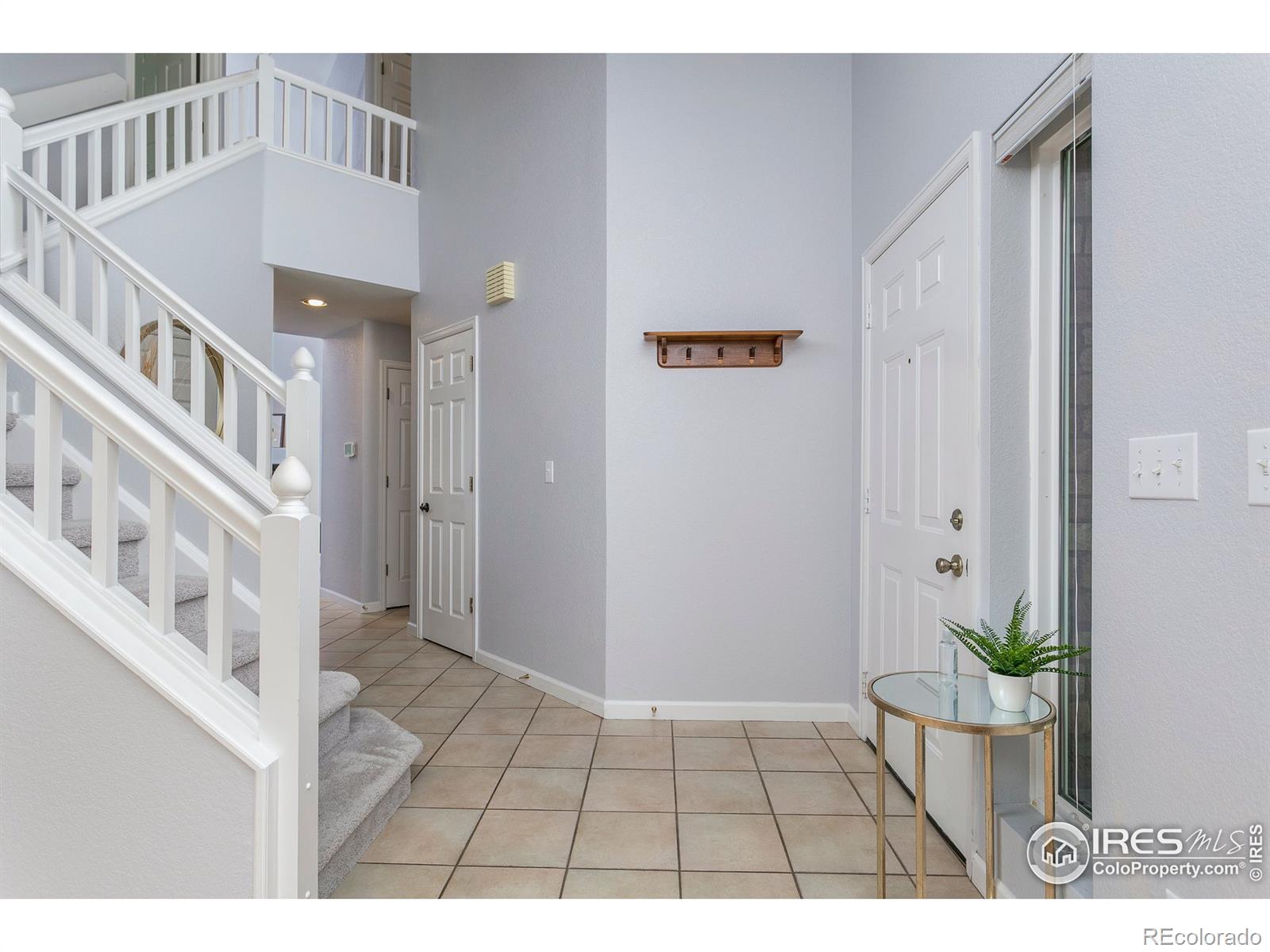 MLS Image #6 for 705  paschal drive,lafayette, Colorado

* * *

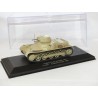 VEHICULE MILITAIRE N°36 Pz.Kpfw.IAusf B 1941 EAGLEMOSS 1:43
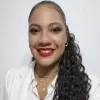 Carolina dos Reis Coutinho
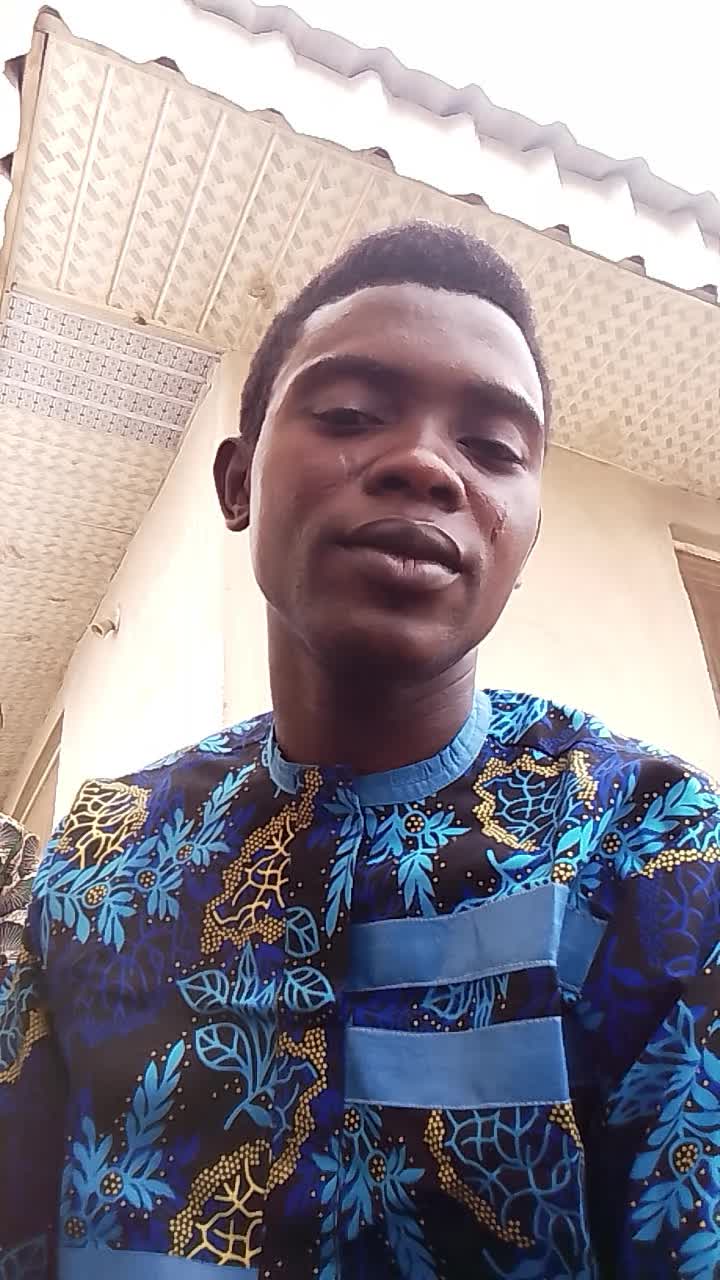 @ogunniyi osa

---

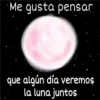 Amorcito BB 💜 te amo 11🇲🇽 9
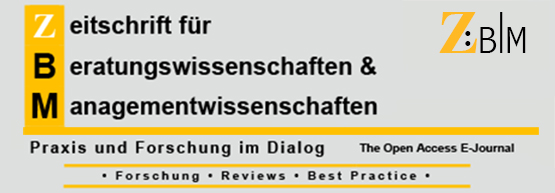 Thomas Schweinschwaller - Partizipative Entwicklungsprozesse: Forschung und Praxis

ASSIGNED TASK
From the material above, give again exactly the lines from the one that contains "Amorcito BB 💜 te amo 11🇲🇽 9" through the one that contains "Thomas Schweinschwaller - Partizipative", and leave out the pictures.

OUTPUT FOR THIS EXERCISE
 Amorcito BB 💜 te amo 11🇲🇽 9
 Thomas Schweinschwaller - Partizipative Entwicklungsprozesse: Forschung und Praxis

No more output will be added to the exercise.